California park rangers expect a traffic surge in Joshua Tree National Park—about two hours east of Los Angeles—as eager stargazers prepare to flock to the California desert to glimpse an annual meteor shower, called Perseids, that will peak between Aug. 10 and 12.
The meteor shower is an annual event that attracted heavy traffic and thousands of visitors in 2023, according to the National Park Service.
The park expects possible traffic delays of up to several hours this year because of its proximity to big cities like Los Angeles, officials said.

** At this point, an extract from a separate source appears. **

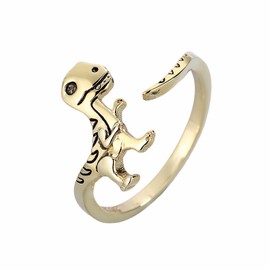 Dinosaur Ring Tyrannosaurus Jurassic Era Dinosaur Finger Joint Knuckle Statement Ring Adjustable Jewelry for Women Girls (Gold)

The dark desert sky makes Joshua Tree an ideal viewing location for aerial light shows like meteor showers or the Aurora Borealis, a natural light display usually seen in far northern regions, which appeared briefly in California in March.
The Perseids meteor shower is an annual intersection of a comet with the Earth’s orbit, said Robert Lunsford, with the American Meteor Society.
He said the ideal place to view the shower was “anyplace away from city lights, because the more stars you see, the more meteors you see.”
A representative from EarthSky told The Epoch Times that the first quarter moon will slip over the horizon near midnight Aug. 12, which means there will be dark skies until dawn.
Ideal viewing locations are parking spots and roadside pullouts in the park, according to Joshua Tree’s stargazing advice line.
EarthSky also advised stargazers to look at the “radiant point” in the sky, near the constellation called Cassiopeia. It is this area where viewers may see up to 90 or more meteors every hour, according to EarthSky.